The First Reading of today from the Book of the Prophet Isaiah shines in the grace of God. The passage opens and closes by addressing God as our Father recalling the Exodus episode where God called Israel His first born. The Reading enriches the Advent liturgy with a somber mood of repentance. While this season of expectation is filled with joy, the preparation for the Lord’s coming necessarily calls for repentance.

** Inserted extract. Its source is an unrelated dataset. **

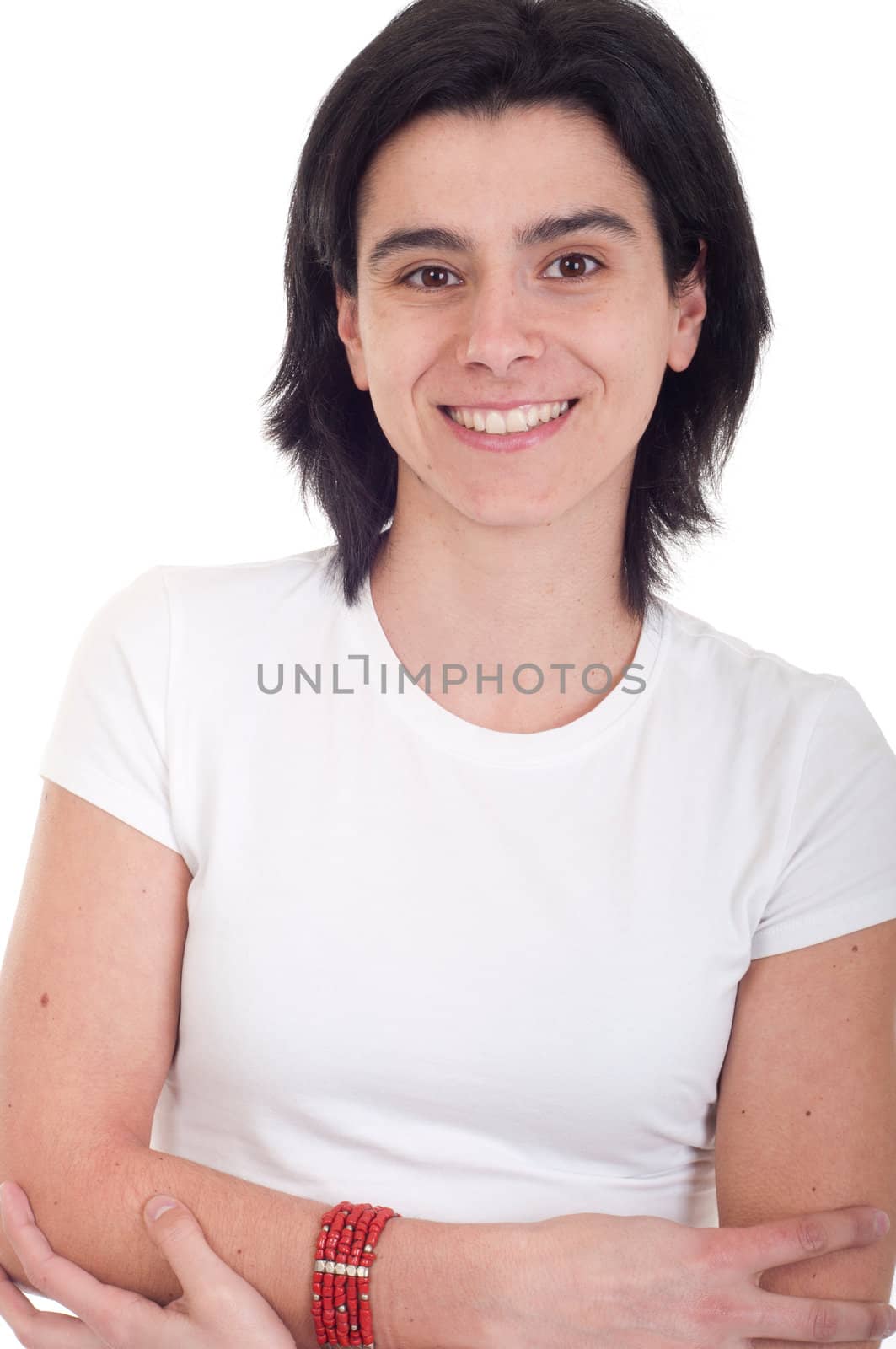 smiling casual woman portrait isolated on white background (folded arms)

Now, Isaiah is the Advent prophet - not least because he lived at a time of great longing for the coming of the Messiah and the restoration of God’s People. The people have begun to recognize that their Exile was a consequence of their failure to live with integrity and in the ways of the Lord. Their selfishness had shriveled them up like fallen leaves - their sin like the autumn wind scattering them. Now the longing is for a Messiah to come and gather His people and to bring them home. The words flow with passion and yearning. The Prophet Isaiah faces up to the wrongs that have been committed. He acknowledges Israel's sinfulness and their need for 'the potter's hand' to refashion them into a faithful people they were meant to be. He uses the imagery of the potter and the clay, a significant reminder that we are in the hands of a God who loves us, who took the clay of the earth, breathed life into us and shaped us. Being in the hands of the potter simply means to admit humbly that we are willing to place ourselves in the hands of God and let ourselves be led through what may sometimes be the painful process of being molded. The potter sees what the clay can become; the clay allows the potter to shape it to that end.

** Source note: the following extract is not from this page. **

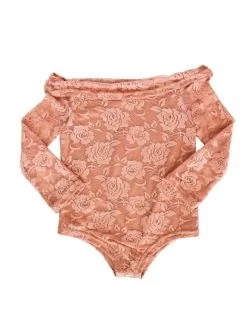 Beatrix Off Shoulder Leotard Rose Taupe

The Advent message in the Second Reading from St. Paul's 1st Letter to the Corinthians is very encouraging and optimistic. It fills them (and us) with hope as they (and we) wait in eager expectation for the ultimate revelation of our Lord Jesus Christ. The Corinthians fully expected Jesus to return at any time - a belief they shared with all early Christians. Although they were already experiencing prejudice and persecution, they were strengthened by their conviction that it would not be long before Christ returned in glory and took them to their heavenly reward. St. Paul tells the Corinthians that the grace of God flows abundantly towards those who walk their living faith in Jesus Christ. Those who walk their living faith, they are enriched in Jesus Christ, in speech and knowledge of every kind, not lacking in any spiritual gifts for the betterment of the Church. In union with Christ, the faithful are strengthened to the end of their worldly lives so that they will be blameless before God the Father on 'the day of the Lord.'

Today's Gospel Reading from St. Mark begins with a somber warning from Jesus to his disciples, which sets the theme for the season of Advent, “Be watchful! Be alert! You do not know when the time will come.” And Jesus takes 'watching' very seriously. In the very short Gospel passage of today, Jesus tells four times 'to watch' – he is really hammering it home.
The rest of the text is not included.